School-based hypertension and obesity screening was performed in 5102 students in 8 Houston public schools from May 2002 to November 2002. Parents were notified in advance by letter sent from each school regarding the screening program. Forms were provided for parents to sign and return if they did not wish their child to participate. At each screening, three seated blood pressure measurements were made at least one-minute apart using oscillometric monitors. Students found to have an average blood pressure above the gender, age and height-percentile specific 95th percentile blood pressure value¹⁸ underwent a second set of blood pressure measurements 1 to 2 weeks later. Students found to have blood pressure above the 95th percentile at the second screening underwent a third set of blood pressure measurements an additional 1 to 2 weeks later. Students found to have elevated blood pressure on all three occasions were considered to be hypertensive. Families of hypertensive children were informed of the persistent blood pressure elevation and invited to participate in a clinic-based study of hypertensive end-organ injury in children. The protocol was approved by the Institutional Committee for the Protection of Human Subjects.
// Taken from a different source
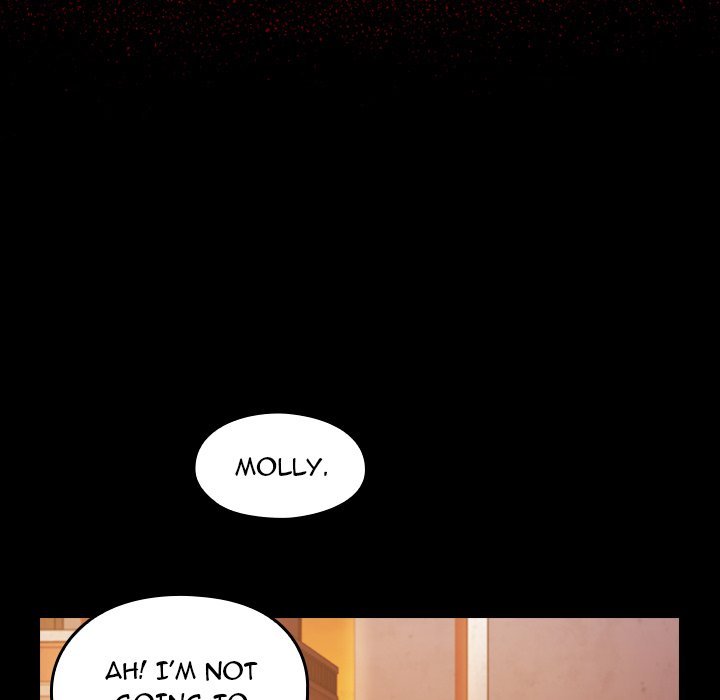 Fruitless Manhwa - Chapter 39 Page 136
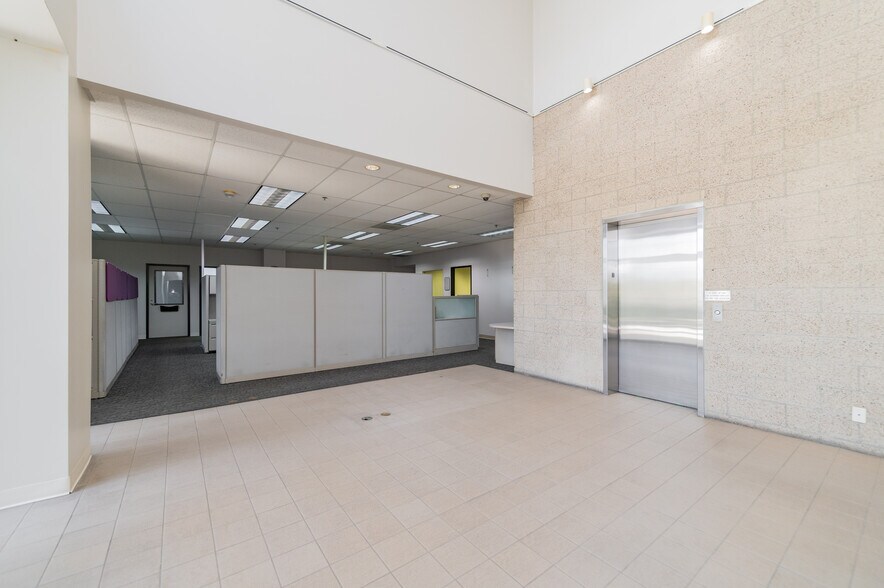 More Photos Of 1166 W Garvey Ave, Monterey Park Flex For Sale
Age was determined based on the date of first contact in the clinic. Gender and ethnicity were self-described. Weight and height were measured in each student, and body mass index (BMI) was calculated as weight/height (kg/m²). The most current pediatric anthropometric reference data specific for gender and age was used to establish height, weight, and BMI percentile for each subject.¹⁹ Exact BMI z scores were generated from equations provided by the Centers for Disease Control and Prevention. "Overweight" was defined as BMI 95th percentile. All subjects underwent auscultatory mercury manometer blood pressure measurements in the clinic at the initiation of further study participation, which were used for analysis of clinic blood pressure values. An index of severity of blood pressure elevation (BP index) was calculated by dividing the subject’s blood pressure by the subject-specific 95th percentile blood pressure value.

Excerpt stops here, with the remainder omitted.